— Work order —
Ignoring the pictures, copy the data exactly.

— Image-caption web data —
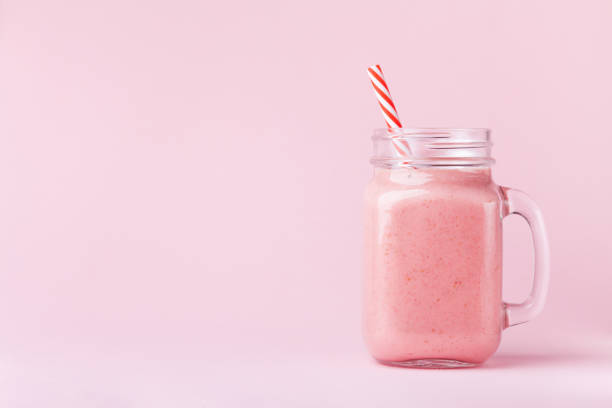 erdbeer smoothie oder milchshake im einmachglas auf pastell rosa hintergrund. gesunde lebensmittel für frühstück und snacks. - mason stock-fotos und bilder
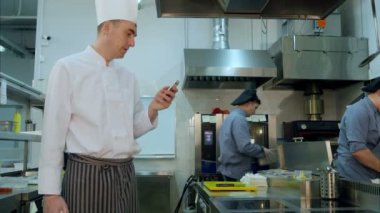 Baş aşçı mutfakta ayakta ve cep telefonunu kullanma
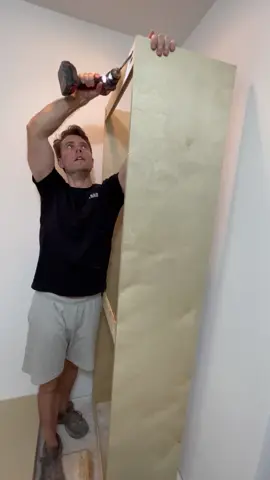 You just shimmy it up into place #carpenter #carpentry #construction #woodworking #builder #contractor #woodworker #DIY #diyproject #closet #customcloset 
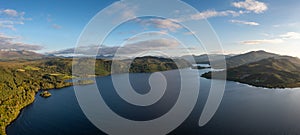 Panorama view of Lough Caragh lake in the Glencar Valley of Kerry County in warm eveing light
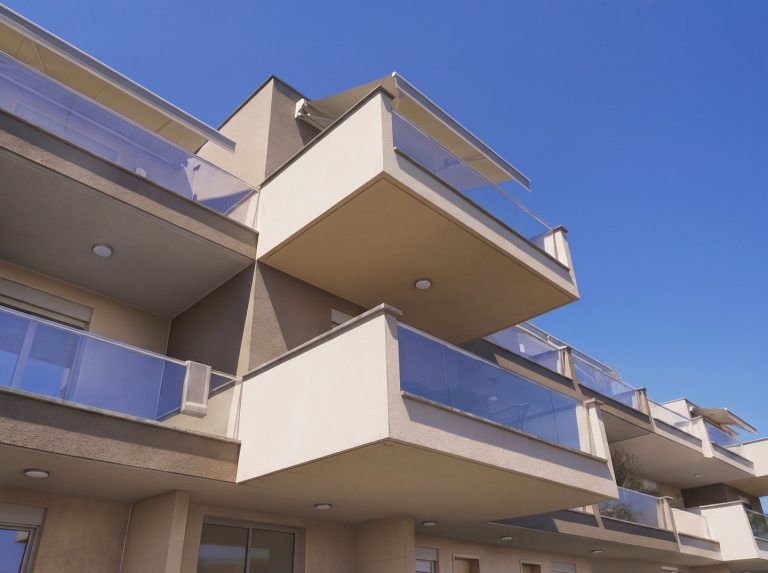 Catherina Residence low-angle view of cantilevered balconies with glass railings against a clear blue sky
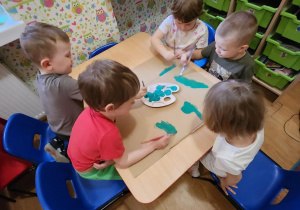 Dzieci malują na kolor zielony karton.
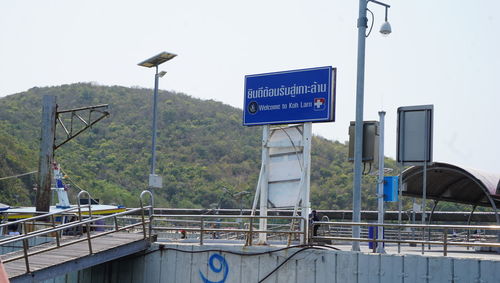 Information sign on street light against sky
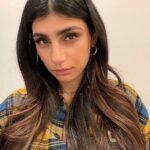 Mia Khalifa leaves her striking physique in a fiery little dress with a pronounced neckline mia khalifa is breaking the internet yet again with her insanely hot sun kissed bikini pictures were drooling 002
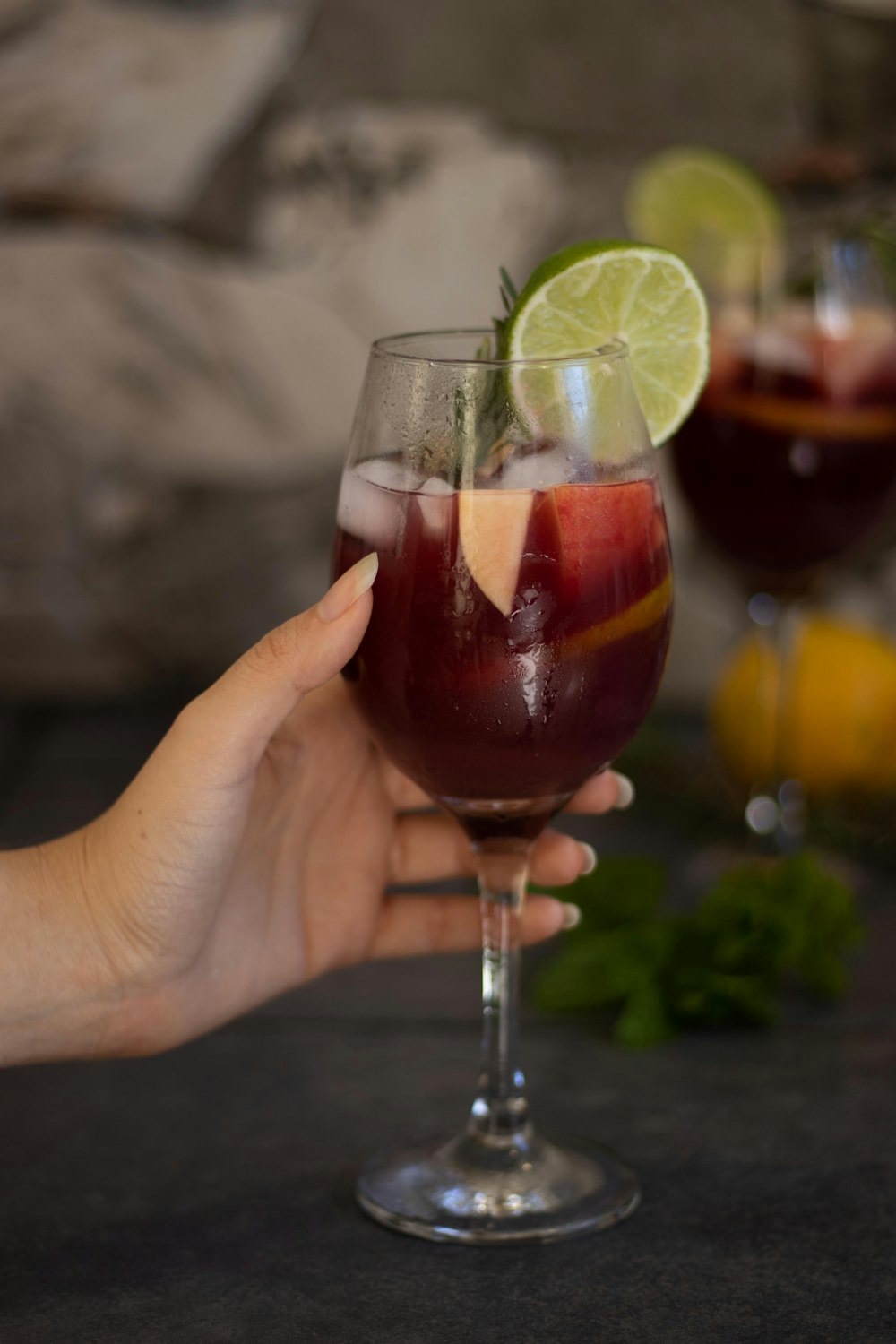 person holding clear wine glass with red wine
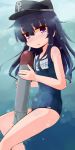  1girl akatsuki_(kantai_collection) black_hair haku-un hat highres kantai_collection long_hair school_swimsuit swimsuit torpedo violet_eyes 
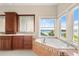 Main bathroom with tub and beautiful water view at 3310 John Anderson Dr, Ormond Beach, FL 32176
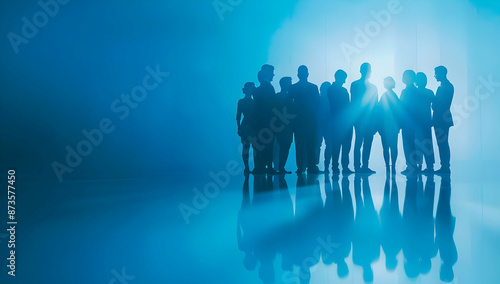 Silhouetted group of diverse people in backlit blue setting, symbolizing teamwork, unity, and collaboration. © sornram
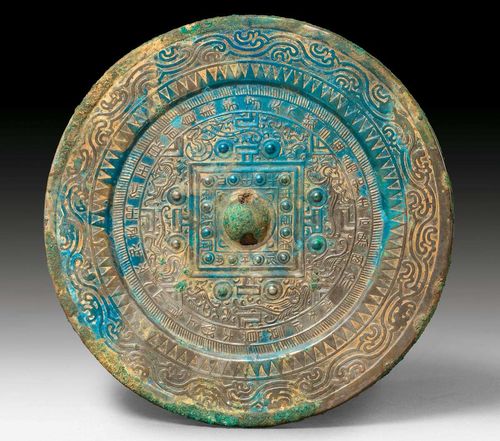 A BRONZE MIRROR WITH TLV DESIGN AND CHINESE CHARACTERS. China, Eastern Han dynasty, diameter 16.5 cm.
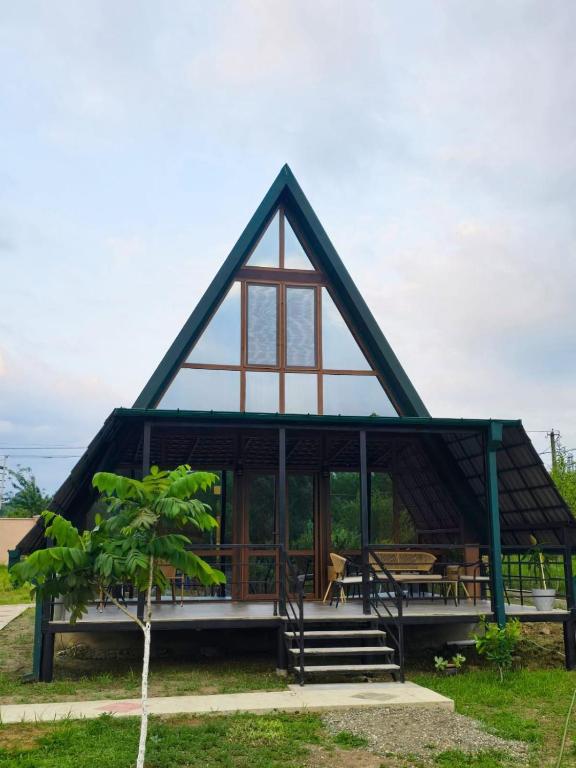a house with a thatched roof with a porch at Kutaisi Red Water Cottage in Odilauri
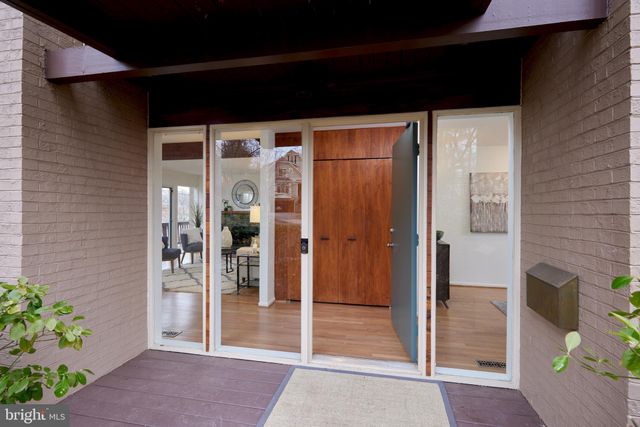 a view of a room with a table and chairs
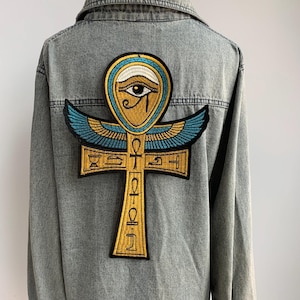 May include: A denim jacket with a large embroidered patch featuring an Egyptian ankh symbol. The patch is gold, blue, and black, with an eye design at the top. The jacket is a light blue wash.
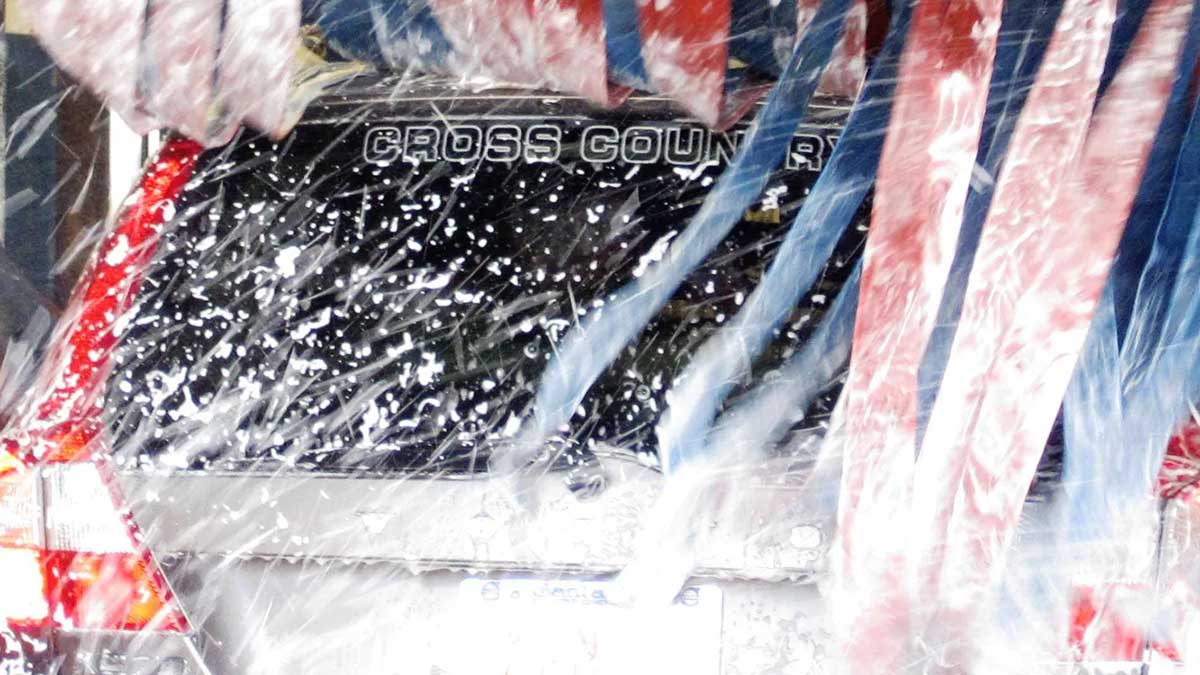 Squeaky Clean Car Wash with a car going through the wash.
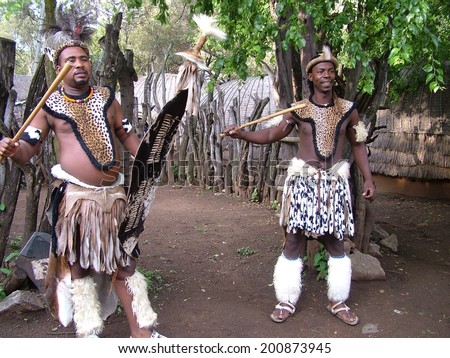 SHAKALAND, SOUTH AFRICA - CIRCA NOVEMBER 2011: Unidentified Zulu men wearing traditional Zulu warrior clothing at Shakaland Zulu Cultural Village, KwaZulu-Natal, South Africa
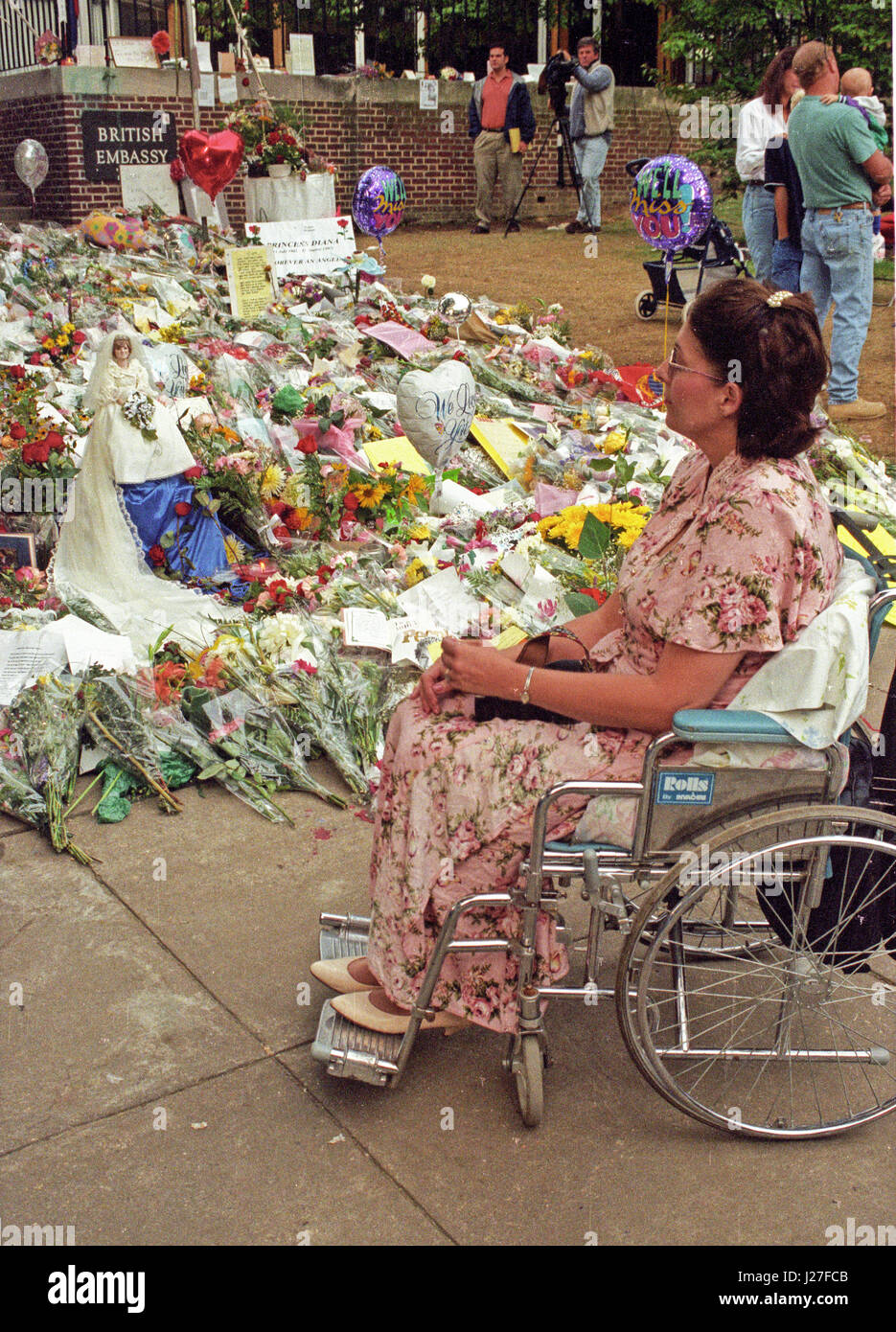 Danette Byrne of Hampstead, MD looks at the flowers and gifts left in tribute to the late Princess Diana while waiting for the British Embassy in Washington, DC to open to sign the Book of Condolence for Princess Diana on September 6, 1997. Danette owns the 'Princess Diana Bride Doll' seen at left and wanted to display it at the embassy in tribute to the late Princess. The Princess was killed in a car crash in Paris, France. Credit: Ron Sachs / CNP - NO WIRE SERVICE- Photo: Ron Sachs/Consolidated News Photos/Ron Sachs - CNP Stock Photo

— Your response —
 erdbeer smoothie oder milchshake im einmachglas auf pastell rosa hintergrund. gesunde lebensmittel für frühstück und snacks. - mason stock-fotos und bilder
 Baş aşçı mutfakta ayakta ve cep telefonunu kullanma
 You just shimmy it up into place #carpenter #carpentry #construction #woodworking #builder #contractor #woodworker #DIY #diyproject #closet #customcloset 
 Panorama view of Lough Caragh lake in the Glencar Valley of Kerry County in warm eveing light
 Catherina Residence low-angle view of cantilevered balconies with glass railings against a clear blue sky
 Dzieci malują na kolor zielony karton.
 Information sign on street light against sky
 Mia Khalifa leaves her striking physique in a fiery little dress with a pronounced neckline mia khalifa is breaking the internet yet again with her insanely hot sun kissed bikini pictures were drooling 002
 person holding clear wine glass with red wine
  1girl akatsuki_(kantai_collection) black_hair haku-un hat highres kantai_collection long_hair school_swimsuit swimsuit torpedo violet_eyes 
 Main bathroom with tub and beautiful water view at 3310 John Anderson Dr, Ormond Beach, FL 32176
 Silhouetted group of diverse people in backlit blue setting, symbolizing teamwork, unity, and collaboration. © sornram
 A BRONZE MIRROR WITH TLV DESIGN AND CHINESE CHARACTERS. China, Eastern Han dynasty, diameter 16.5 cm.
a house with a thatched roof with a porch at Kutaisi Red Water Cottage in Odilauri
 a view of a room with a table and chairs
 May include: A denim jacket with a large embroidered patch featuring an Egyptian ankh symbol. The patch is gold, blue, and black, with an eye design at the top. The jacket is a light blue wash.
 Squeaky Clean Car Wash with a car going through the wash.
 SHAKALAND, SOUTH AFRICA - CIRCA NOVEMBER 2011: Unidentified Zulu men wearing traditional Zulu warrior clothing at Shakaland Zulu Cultural Village, KwaZulu-Natal, South Africa
 Danette Byrne of Hampstead, MD looks at the flowers and gifts left in tribute to the late Princess Diana while waiting for the British Embassy in Washington, DC to open to sign the Book of Condolence for Princess Diana on September 6, 1997. Danette owns the 'Princess Diana Bride Doll' seen at left and wanted to display it at the embassy in tribute to the late Princess. The Princess was killed in a car crash in Paris, France. Credit: Ron Sachs / CNP - NO WIRE SERVICE- Photo: Ron Sachs/Consolidated News Photos/Ron Sachs - CNP Stock Photo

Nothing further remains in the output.